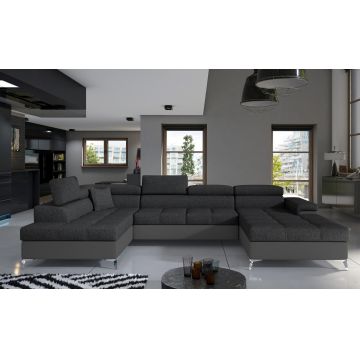 Coltar extensibil stanga 5 locuri ELTAP, Edr-04, Eduardo, 337x205x88 cm, lemn/poliester, gri inchis/gri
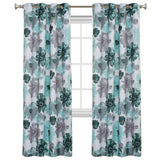 2x Blockout Floral Curtains Eyelet Blackout Curtain Draperies for Living Bedroom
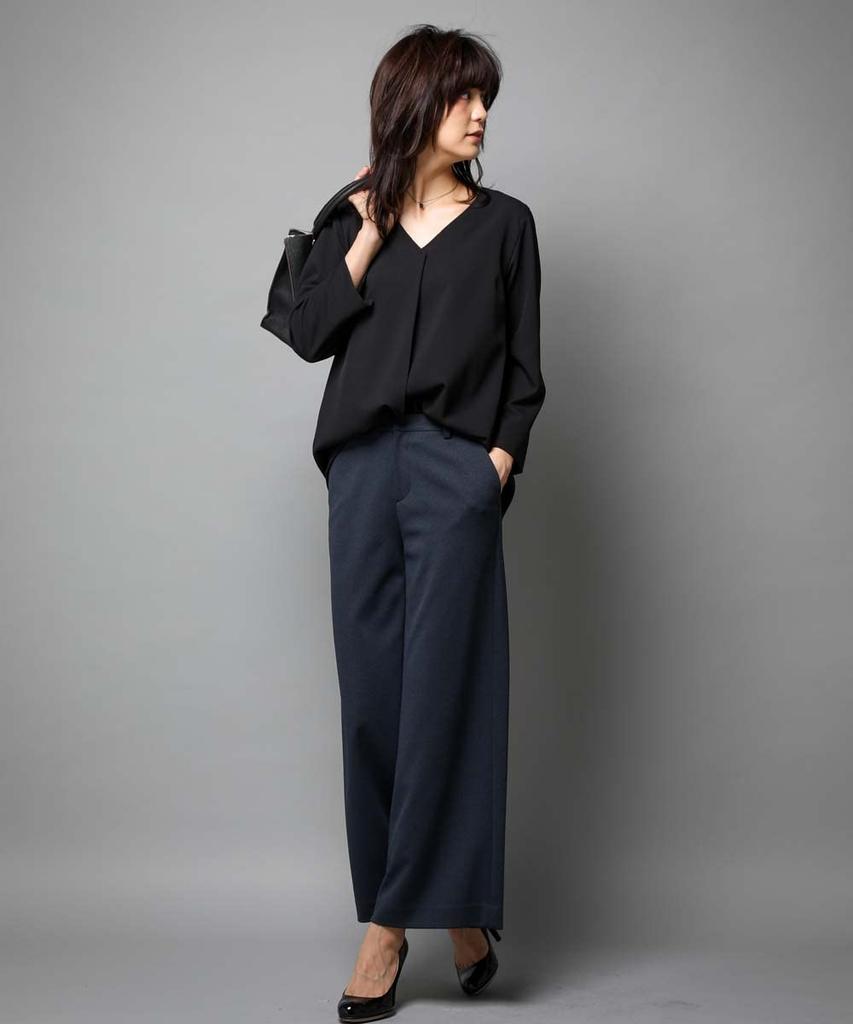 Pantsuit Pantsuit Jacket Kanoko Jersey Grayish Navy L [Nissen] Women's Suit Semi-wide (Collarless + Pants) (SOBODY Series) (New Size)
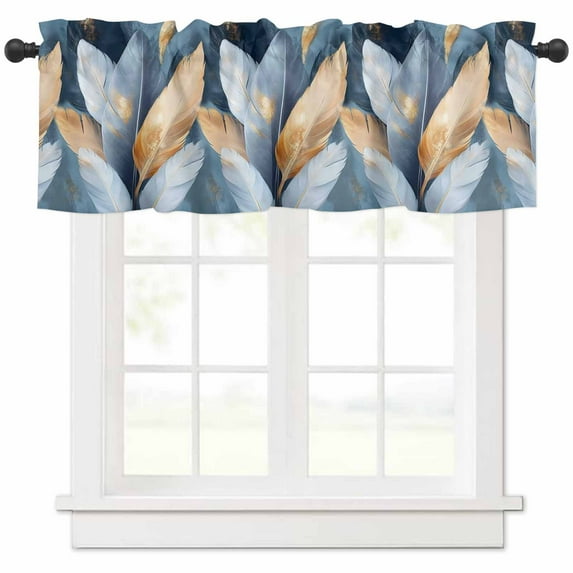 Blue Feather Valances for Windows Farmhouse Kitchen Curtains Valances Rod Pocket Valance Curtains for Kitchen Windows Abstract Modern Golden Art Painting Textured Window Valances for Bathroom 42"x18"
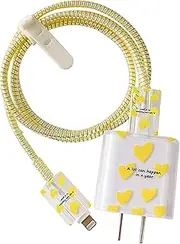 Cute Heart Charger Protective, Fast Charger Case for iPhone Fast Charger 18W/20W USB-C Power Adapter and Lightning Cable, Data Cable Protector-Yellow
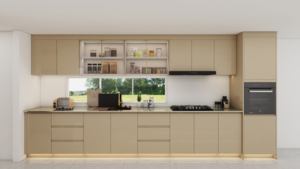 Armoire de cuisine contemporaine en contreplaqué massif, personnalisable pour appartement, villa, fabrication à Foshan - Product Image 2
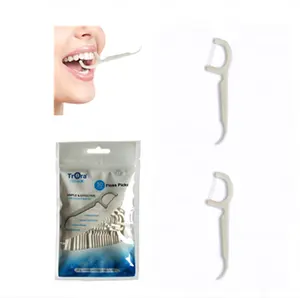 Top Sales 50pcs Waxed Mint Flavored Tooth Picks Floss Sticks Toothpick with Floss Flosser Picks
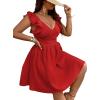 image:imageFloerns Womens Plus Size Wrap Front Sweetheart Neck Ruffle Cap Sleeve A Line DressRed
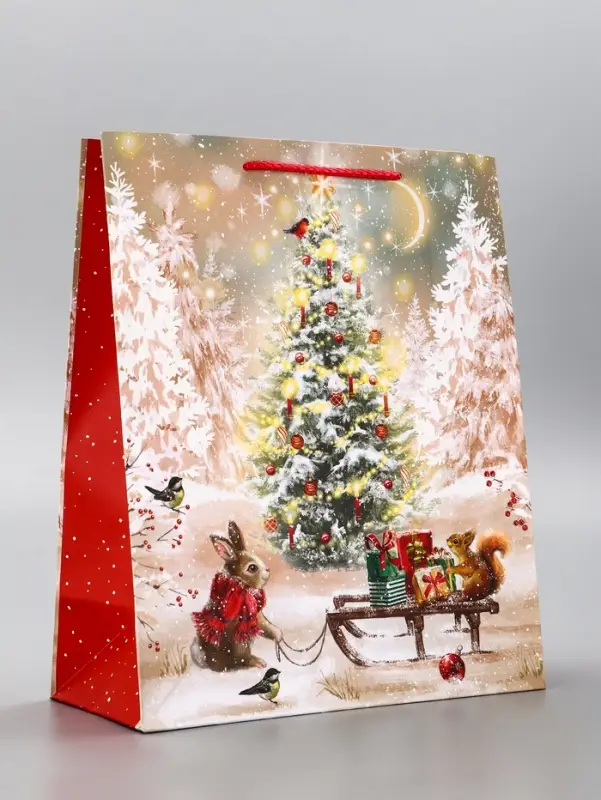 Пакет подарочный новогодний ламинированный, «Подготовка к Новому Году» , 26×12×32 см Пакет подарочный новогодний ламинированный, «Подготовка к Новому Году» , 26×12×32 см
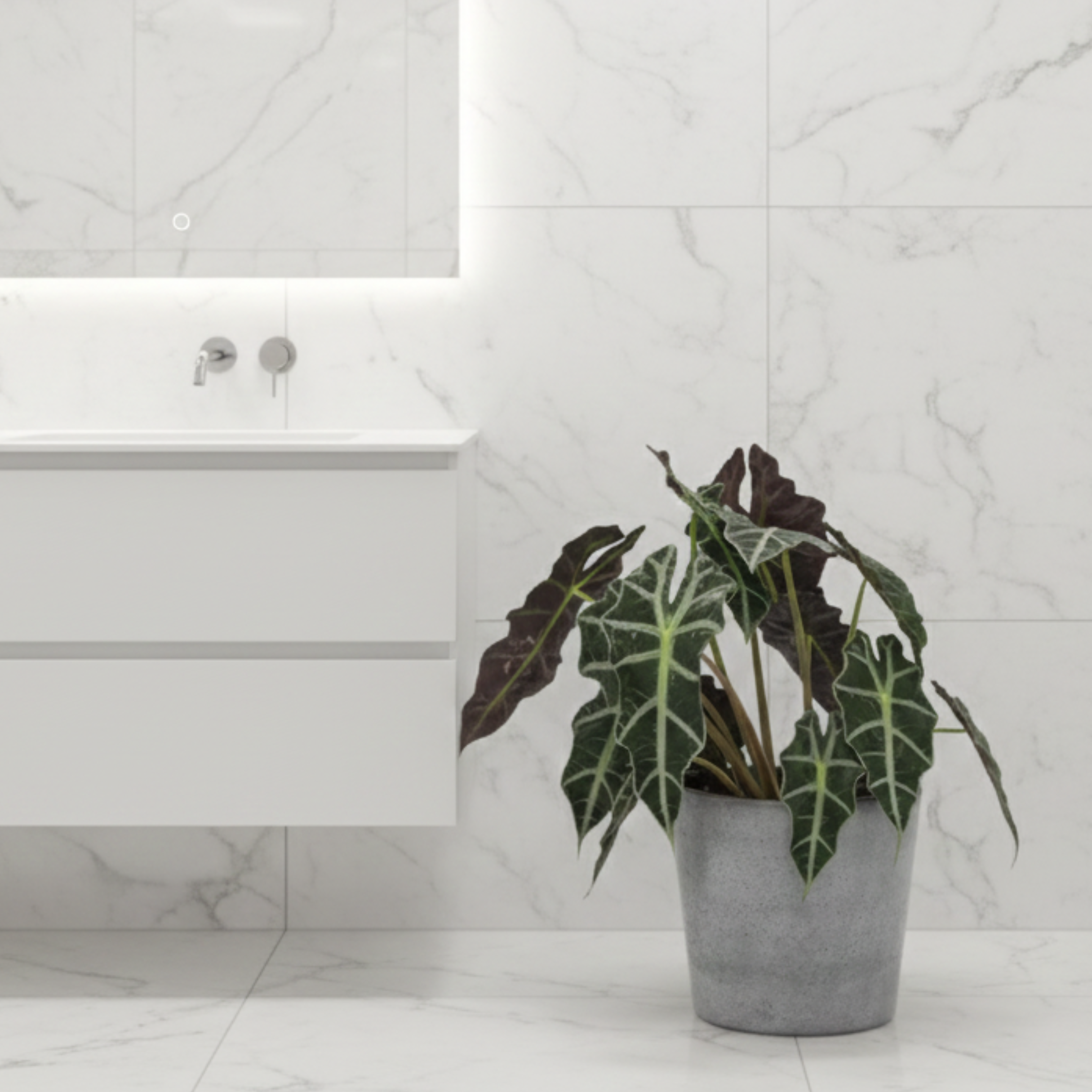 Cache-pot gris 24 cm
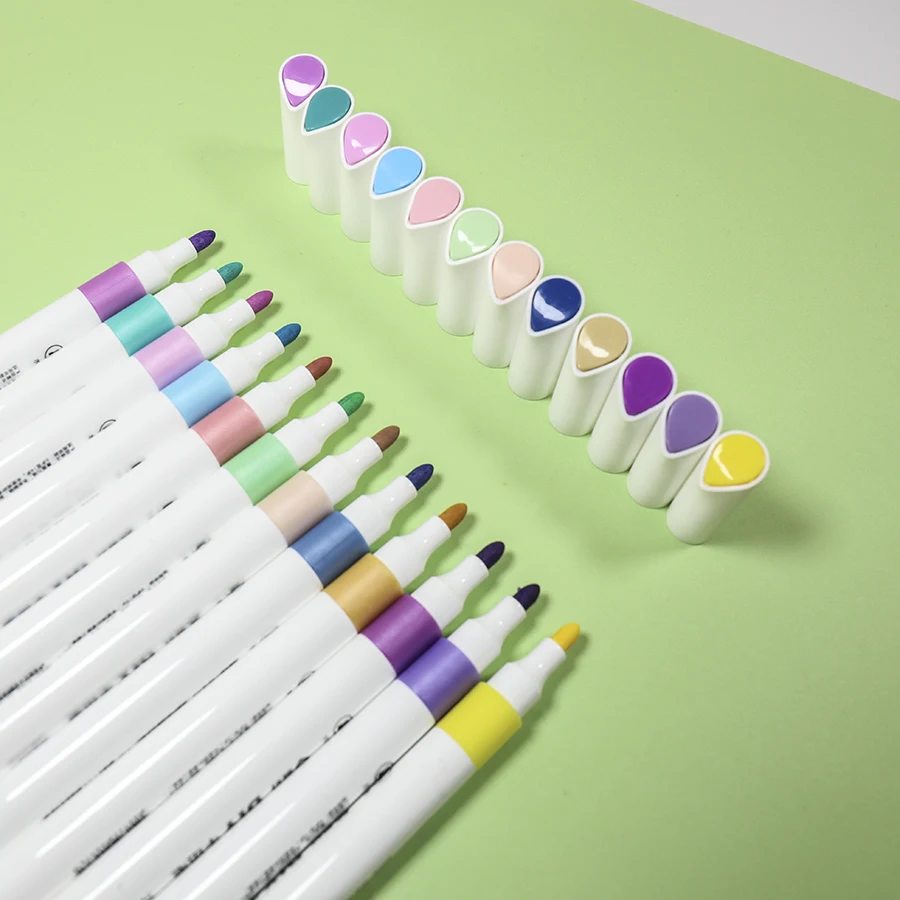 24 Colours Eco-friendly Acrylic Paint Pens set For Drawing Glass Paper Wood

········

This task calls for the records to be copied exactly, without pictures.

= Worked solution =
 Coltar extensibil stanga 5 locuri ELTAP, Edr-04, Eduardo, 337x205x88 cm, lemn/poliester, gri inchis/gri
 2x Blockout Floral Curtains Eyelet Blackout Curtain Draperies for Living Bedroom
 Pantsuit Pantsuit Jacket Kanoko Jersey Grayish Navy L [Nissen] Women's Suit Semi-wide (Collarless + Pants) (SOBODY Series) (New Size)
 Blue Feather Valances for Windows Farmhouse Kitchen Curtains Valances Rod Pocket Valance Curtains for Kitchen Windows Abstract Modern Golden Art Painting Textured Window Valances for Bathroom 42"x18"
 Cute Heart Charger Protective, Fast Charger Case for iPhone Fast Charger 18W/20W USB-C Power Adapter and Lightning Cable, Data Cable Protector-Yellow
 Armoire de cuisine contemporaine en contreplaqué massif, personnalisable pour appartement, villa, fabrication à Foshan - Product Image 2
 Top Sales 50pcs Waxed Mint Flavored Tooth Picks Floss Sticks Toothpick with Floss Flosser Picks
 image:imageFloerns Womens Plus Size Wrap Front Sweetheart Neck Ruffle Cap Sleeve A Line DressRed
 Пакет подарочный новогодний ламинированный, «Подготовка к Новому Году» , 26×12×32 см Пакет подарочный новогодний ламинированный, «Подготовка к Новому Году» , 26×12×32 см
 Cache-pot gris 24 cm
 24 Colours Eco-friendly Acrylic Paint Pens set For Drawing Glass Paper Wood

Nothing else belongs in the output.